Hoje
compartilho convosco a terra.
Terra
chamada Machico. E terra-génese da vida, inspiração telúrica, emanação do
espírito.
Imprevistamente,
na linha meridiana do 21 de Maio – eram doze as badaladas no “sino coração da gente - o centro da cidade
transfigurou-se. Por conta própria. Geração espontânea de um punhado de jovens que
inundou a sala de visitas da primeira capitania da ilha com o universo musical
e espiritual de José Afonso. Foi o grupo denominado “Moodin”, da Banda Filarmónica concelhia.

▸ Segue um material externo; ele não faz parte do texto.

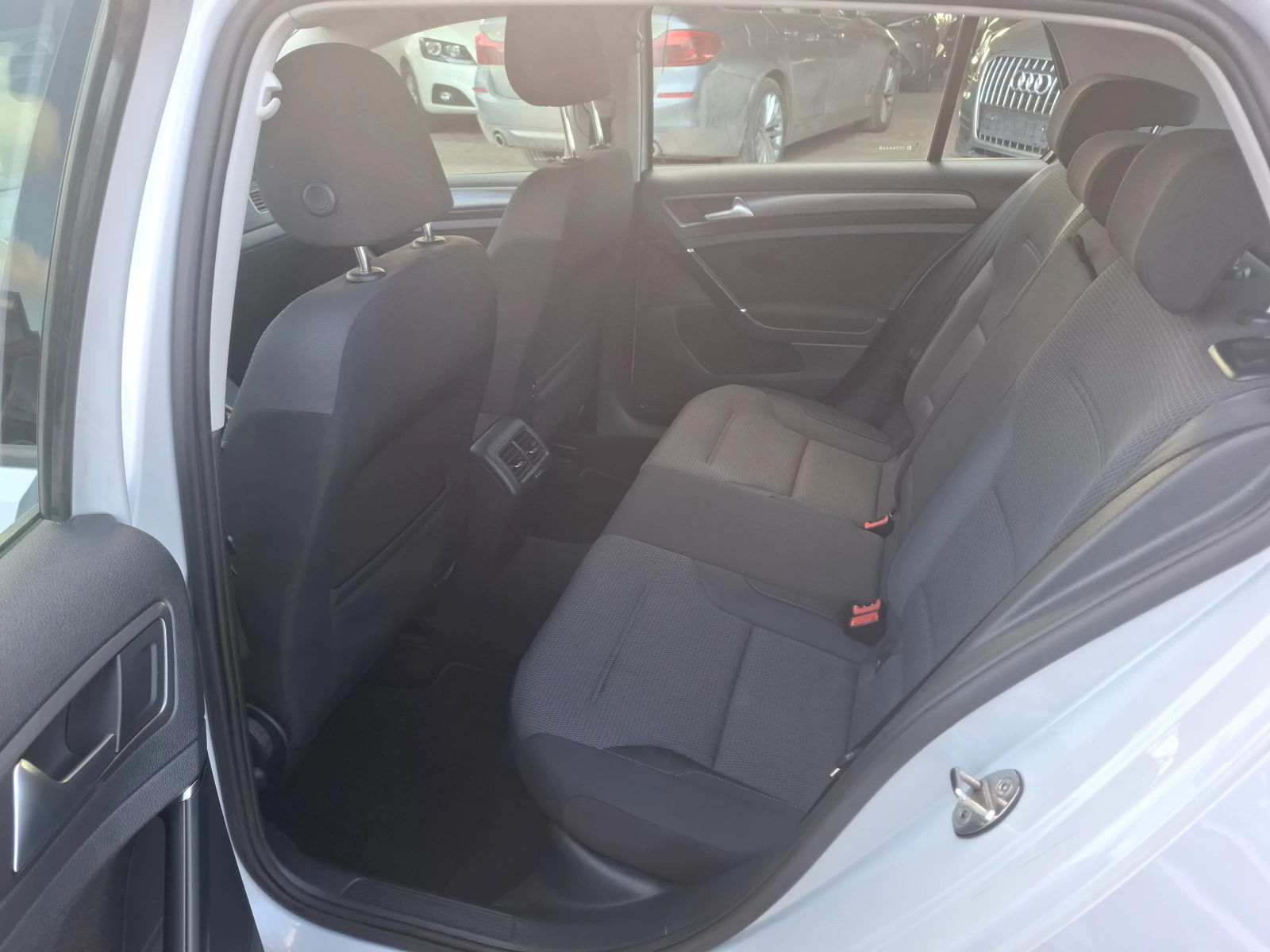 VW Golf 1.6tdi Сива Перла!! - изображение 8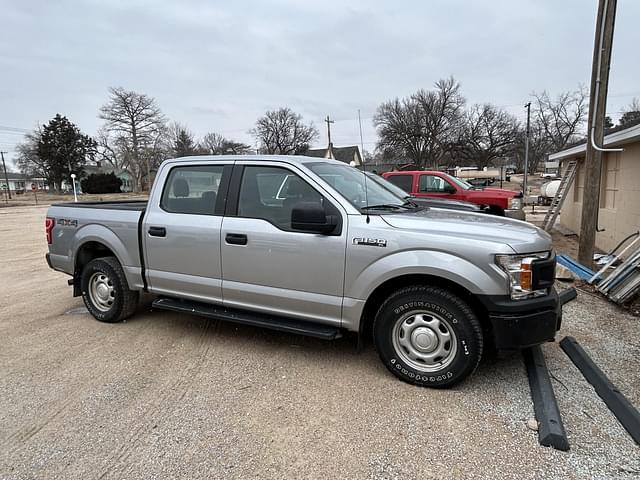 Image of Ford F-150 equipment image 2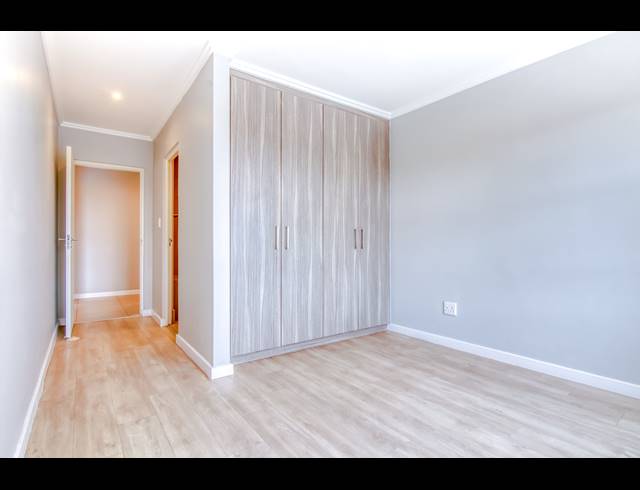 2 BEDROOM APARTMENT RENTED IN MORNINGSIDE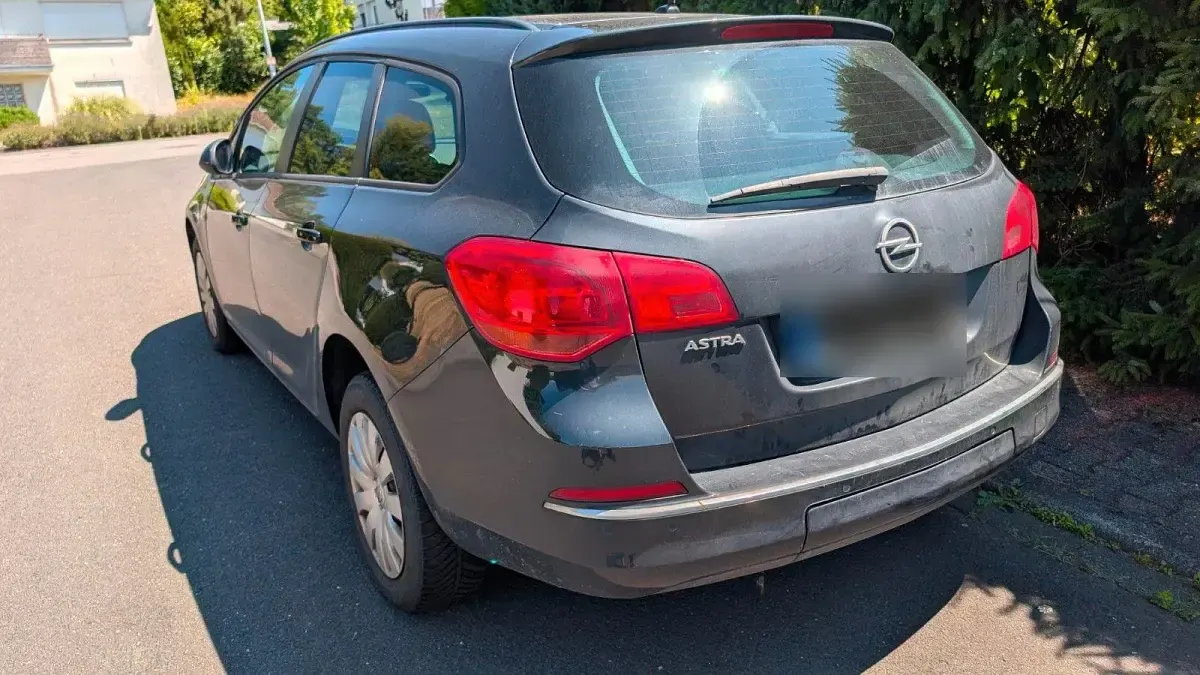 Gebraucht Opel Astra 116 PS (85 kW) 2015 Schwarz Kombi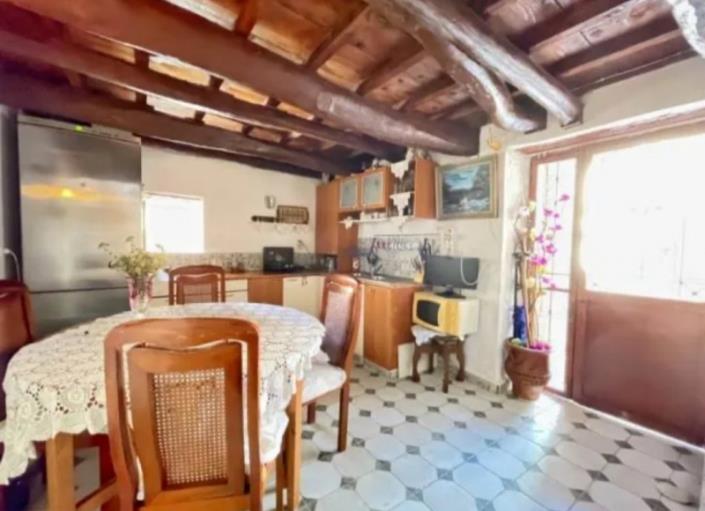 Image No.4-2 Bed House for sale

Desfilaram diante da varanda dos nossos olhos e da nossa sensibilidade as
baladas mais expressivas do cantor de Abril. Os metais, as teclas e as
guitarras entrelaçaram-se num feixe inebriante, segurado por uma percussão
meticulosamente estruturada. Zeca Afonso
teria ficado extasiado, ao ouvir a variegada riqueza harmónica que as suas
melodias suscitaram, numa simbiose de êxtase, por vezes alucinante, de todo o
instrumental, composto por dezena e meia de artistas exímios. Os arranjos, o
virtuosismo à mistura com o crescendo de um clímax a que a técnica do jazz
conferia maior vibração remexeram e prenderam todos quantos ali estávamos num
abraço comum. Por mais paradoxal que pareça, dois qualificativos exprimem o
acontecimento: intimista e apoteótico na sua concepção, execução e
interpretação.
Devo
manifestar, no entanto, a minha estupefacção por este brinde que o grupo nos ofereceu. Mas por um outro motivo. É que tudo nasceu da livre espontaneidade dos
executantes. Foi o mesmo corpo numa alma nova. Explico-me. Normalmente, a
evocação de José Afonso está consignada a associações público-privadas ou a
formações de tendência progressista já catalogadas e firmadas ao longo dos
anos. Desta vez, foi Zeca Afonso, “não
rouxinol na prisão, mas pardal na rua”, como bem poderia dizer António Aleixo. Sem
paternidade segregada nem ‘sponsors’ da praça oficial. Não levarão a mal os
músicos participantes se disser que ali foi José Afonso, irmanado com os filhos
do povo, José Afonso “andarilho, nascido
do maio, maduro maio”, como ele tanto
gostava de cantar. Mais convicto fiquei quando o director da Banda Municipal,
Manuel Spínola, informou que alguns deles, universitários das faculdades em
Portugal Continental, deslocaram-se propositadamente à sua terra para nos
trazer esta dádiva tão surpreendente.
Por
isso que comecei esta crónica de circunstância com a exaltação da terra,
inspiração telúrica, emanação do espírito. Numa altura de tradições insulares
do Espírito, ouso dizer que este momento único, vivido no Passeio Público da
Cidade, foi a ressurreição do espírito da Liberdade, a emanação de José Afonso
no meio do povo de Machico para quem ele
cantou, em 1976, abraçado à estátua de Tristão Vaz Teixeira – a mais sólida
testemunha da sua presença nesta terra.
A
primorosa apresentação da Dra. Benvinda Ladeira e as justas homenagens de
Ricardo Franco, autarca presidente, aos
intérpretes pioneiros deste evento autenticaram com a sua presença este, para
nós, histórico concerto. José Afonso deitou em Machico raízes fundas que hoje produzem
flores e frutos de primavera. Bem Hajam!